Saturday, 11 April 2015

András Handl: Tertullian on the Pericope Adulterae (John 7,53-8,11)

The longest and most mysterious New Testament interpolation is without doubt the Pericope Adulterae (PA) in the Gospel of John. Although scholars have puzzled about it for centuries, many questions still remain unanswered.
At first glance, Tertullian does not appear as being very helpful in this matter: not even with a single syllable did he refer to the PA. It is not surprising that his entire work has only been little involved in the discussion because he never addressed the story of the woman caught in adultery. But why? After all, he devoted a complete "treatise" to the topic of adultery and fornication! It is widely recognized that the De pudicitia is composed as a forensic oratory (genus iudiciale) but its implications are only rudimentarily taken into account. A rhetorical analysis shows that if he knew the passage, he could not have afforded to ignore it. Consequently, Tertullian did not remain silent about the PA because of a lack of interest. Rather, the PA was simply unknown in Carthage at his time!

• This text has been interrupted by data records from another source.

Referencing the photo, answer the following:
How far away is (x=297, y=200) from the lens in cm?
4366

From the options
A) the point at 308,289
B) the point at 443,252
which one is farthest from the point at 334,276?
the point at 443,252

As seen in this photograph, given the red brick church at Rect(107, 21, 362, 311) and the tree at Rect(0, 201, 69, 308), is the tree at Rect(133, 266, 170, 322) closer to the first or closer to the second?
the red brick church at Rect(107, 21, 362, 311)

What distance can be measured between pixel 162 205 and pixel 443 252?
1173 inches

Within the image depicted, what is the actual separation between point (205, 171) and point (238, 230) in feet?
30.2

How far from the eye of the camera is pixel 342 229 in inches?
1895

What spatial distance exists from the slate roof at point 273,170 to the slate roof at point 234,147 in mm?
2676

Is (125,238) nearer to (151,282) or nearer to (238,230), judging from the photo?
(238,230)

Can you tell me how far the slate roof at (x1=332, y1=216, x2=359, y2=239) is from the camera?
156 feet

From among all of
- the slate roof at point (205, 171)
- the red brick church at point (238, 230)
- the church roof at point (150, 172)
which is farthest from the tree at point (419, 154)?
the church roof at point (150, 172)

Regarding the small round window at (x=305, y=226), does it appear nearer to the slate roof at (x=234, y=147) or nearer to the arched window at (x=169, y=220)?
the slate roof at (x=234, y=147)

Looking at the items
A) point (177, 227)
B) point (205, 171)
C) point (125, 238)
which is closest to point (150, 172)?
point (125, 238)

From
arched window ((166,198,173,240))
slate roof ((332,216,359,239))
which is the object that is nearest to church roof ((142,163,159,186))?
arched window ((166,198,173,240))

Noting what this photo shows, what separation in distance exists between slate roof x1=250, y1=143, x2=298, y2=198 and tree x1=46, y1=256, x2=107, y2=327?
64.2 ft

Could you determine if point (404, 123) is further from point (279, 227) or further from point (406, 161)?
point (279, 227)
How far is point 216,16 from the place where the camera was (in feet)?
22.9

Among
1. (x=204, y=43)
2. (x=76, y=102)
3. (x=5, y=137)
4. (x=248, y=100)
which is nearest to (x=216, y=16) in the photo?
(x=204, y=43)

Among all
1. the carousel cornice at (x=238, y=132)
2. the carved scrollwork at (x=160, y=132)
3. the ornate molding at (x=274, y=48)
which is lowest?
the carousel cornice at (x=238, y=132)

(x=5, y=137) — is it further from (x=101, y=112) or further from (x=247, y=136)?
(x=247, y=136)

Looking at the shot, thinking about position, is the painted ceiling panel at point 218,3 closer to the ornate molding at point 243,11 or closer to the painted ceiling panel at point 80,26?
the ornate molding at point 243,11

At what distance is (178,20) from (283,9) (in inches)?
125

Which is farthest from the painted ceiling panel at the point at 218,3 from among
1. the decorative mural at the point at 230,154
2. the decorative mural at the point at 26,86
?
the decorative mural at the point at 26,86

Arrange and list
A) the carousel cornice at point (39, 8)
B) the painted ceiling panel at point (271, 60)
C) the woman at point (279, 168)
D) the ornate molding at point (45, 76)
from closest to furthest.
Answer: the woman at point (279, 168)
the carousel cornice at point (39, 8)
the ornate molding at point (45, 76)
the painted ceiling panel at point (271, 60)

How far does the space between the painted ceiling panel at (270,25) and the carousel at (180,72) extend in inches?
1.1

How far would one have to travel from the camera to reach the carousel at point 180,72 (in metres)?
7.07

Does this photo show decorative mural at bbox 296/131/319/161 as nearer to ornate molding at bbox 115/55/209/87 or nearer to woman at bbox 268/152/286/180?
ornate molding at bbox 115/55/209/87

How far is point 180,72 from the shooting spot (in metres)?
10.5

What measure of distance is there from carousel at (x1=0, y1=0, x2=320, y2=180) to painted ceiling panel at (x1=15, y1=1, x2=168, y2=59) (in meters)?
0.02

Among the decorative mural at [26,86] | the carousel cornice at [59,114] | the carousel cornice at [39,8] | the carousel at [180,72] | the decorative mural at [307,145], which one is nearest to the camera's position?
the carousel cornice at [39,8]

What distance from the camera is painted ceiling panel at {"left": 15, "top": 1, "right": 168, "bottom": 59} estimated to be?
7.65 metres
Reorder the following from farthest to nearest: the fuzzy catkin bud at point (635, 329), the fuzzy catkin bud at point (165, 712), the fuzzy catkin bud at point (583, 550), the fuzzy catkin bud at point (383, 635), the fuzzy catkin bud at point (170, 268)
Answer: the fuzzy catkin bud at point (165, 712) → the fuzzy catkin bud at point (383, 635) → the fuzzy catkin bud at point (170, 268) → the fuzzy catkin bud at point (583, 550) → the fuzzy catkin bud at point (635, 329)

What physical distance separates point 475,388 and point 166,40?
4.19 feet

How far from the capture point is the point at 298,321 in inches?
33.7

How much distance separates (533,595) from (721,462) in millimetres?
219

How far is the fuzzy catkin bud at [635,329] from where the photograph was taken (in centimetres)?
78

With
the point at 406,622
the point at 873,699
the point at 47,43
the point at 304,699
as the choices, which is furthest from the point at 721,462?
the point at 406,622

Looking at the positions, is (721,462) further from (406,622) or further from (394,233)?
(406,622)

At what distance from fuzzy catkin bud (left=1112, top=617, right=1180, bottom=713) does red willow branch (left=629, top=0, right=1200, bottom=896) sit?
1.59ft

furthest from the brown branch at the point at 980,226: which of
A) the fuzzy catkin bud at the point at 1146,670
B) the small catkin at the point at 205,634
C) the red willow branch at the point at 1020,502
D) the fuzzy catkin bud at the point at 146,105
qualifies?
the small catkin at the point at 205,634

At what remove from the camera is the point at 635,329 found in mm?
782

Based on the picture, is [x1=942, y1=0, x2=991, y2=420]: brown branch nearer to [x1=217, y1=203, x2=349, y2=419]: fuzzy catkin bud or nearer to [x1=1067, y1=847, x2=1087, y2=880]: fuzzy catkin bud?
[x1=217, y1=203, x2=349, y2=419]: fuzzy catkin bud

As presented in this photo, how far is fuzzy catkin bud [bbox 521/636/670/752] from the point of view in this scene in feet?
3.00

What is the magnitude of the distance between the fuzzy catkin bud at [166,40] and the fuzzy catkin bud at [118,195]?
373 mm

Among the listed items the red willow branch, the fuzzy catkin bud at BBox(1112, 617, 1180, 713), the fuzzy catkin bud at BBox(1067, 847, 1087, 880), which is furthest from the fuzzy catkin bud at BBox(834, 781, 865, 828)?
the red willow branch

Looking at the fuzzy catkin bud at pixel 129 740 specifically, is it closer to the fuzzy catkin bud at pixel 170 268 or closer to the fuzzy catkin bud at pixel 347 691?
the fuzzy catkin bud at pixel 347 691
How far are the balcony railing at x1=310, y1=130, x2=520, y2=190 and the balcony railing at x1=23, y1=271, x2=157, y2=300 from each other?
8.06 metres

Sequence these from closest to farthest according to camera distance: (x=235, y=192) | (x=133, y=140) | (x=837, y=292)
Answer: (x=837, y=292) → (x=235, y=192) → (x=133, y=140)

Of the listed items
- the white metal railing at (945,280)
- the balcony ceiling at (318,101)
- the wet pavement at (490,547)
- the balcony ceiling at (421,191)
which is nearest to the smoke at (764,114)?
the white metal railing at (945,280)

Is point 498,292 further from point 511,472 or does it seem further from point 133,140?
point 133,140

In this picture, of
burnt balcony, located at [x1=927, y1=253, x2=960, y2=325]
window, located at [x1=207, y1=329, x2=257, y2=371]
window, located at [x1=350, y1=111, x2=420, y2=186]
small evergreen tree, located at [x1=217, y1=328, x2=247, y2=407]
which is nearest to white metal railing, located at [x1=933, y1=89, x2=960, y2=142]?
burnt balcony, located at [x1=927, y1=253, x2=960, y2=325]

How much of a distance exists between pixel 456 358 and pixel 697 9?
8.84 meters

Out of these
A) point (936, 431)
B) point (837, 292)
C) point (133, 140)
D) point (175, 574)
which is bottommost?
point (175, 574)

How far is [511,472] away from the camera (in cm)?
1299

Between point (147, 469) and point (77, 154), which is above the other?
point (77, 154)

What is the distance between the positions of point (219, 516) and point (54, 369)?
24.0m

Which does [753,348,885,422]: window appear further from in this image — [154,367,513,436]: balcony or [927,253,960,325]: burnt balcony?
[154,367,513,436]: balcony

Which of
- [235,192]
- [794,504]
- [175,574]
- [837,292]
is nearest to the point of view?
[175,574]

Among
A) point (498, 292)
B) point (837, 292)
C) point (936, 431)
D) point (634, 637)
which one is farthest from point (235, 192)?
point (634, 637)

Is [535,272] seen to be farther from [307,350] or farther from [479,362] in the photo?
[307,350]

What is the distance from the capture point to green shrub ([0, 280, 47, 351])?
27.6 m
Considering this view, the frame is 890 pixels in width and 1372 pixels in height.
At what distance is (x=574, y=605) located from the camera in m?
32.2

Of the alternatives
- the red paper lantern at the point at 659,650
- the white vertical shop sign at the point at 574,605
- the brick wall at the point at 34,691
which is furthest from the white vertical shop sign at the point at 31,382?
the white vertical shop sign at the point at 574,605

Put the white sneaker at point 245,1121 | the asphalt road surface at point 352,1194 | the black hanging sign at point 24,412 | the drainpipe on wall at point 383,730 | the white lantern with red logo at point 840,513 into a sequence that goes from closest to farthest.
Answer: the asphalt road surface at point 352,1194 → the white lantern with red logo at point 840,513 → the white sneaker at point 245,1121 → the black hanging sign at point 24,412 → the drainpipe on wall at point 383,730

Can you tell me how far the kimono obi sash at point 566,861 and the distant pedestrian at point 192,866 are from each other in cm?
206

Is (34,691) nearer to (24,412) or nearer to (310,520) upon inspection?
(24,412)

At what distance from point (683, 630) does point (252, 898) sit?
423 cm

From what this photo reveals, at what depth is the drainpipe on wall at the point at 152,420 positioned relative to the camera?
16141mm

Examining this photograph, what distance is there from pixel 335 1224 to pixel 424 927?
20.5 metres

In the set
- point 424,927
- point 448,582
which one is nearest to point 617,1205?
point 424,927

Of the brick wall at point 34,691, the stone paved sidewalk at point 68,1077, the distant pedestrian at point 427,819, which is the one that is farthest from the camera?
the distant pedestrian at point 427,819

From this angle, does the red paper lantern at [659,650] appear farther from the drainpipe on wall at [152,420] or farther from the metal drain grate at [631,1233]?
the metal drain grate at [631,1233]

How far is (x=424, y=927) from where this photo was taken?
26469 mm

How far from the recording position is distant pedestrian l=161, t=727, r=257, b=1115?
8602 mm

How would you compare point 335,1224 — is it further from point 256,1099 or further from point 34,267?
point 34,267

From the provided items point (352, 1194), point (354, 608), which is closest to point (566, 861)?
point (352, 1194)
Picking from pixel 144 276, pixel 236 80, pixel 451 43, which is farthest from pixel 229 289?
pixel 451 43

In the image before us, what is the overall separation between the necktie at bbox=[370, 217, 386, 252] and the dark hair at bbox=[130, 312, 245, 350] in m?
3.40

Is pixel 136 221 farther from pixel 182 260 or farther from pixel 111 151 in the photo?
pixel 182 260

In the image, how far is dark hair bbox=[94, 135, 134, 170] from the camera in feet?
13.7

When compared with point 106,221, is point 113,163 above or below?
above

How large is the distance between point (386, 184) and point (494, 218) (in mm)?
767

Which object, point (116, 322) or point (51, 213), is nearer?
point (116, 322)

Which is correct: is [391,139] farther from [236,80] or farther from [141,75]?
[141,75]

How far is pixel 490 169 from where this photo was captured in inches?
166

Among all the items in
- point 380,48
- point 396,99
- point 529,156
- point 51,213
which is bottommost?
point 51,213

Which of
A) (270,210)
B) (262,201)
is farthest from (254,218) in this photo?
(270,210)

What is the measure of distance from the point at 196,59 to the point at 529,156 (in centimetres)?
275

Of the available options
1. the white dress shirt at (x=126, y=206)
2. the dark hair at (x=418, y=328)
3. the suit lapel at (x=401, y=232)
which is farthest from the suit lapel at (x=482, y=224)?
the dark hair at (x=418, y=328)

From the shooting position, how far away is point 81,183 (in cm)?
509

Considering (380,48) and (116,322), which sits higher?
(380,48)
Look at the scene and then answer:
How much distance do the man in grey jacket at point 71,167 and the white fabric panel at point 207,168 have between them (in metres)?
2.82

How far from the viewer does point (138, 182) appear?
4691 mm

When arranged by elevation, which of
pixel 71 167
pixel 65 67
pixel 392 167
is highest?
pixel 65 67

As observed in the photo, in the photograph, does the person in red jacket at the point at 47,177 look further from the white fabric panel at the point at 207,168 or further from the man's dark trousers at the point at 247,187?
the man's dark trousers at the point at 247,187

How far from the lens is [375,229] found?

In this talk, I will not only reconsider the reason for the abstinence of the PA in the works of Tertullian, particularly in De pudicita, but also emphasize the importance of the PA`s "Sitz im Leben" at the beginning of the 3rd century AD: The escalated controversy on adultery and fornication in Carthage as well as in Rome, plays a key role for the wider recognition and promotion of the story of the woman caught in adultery.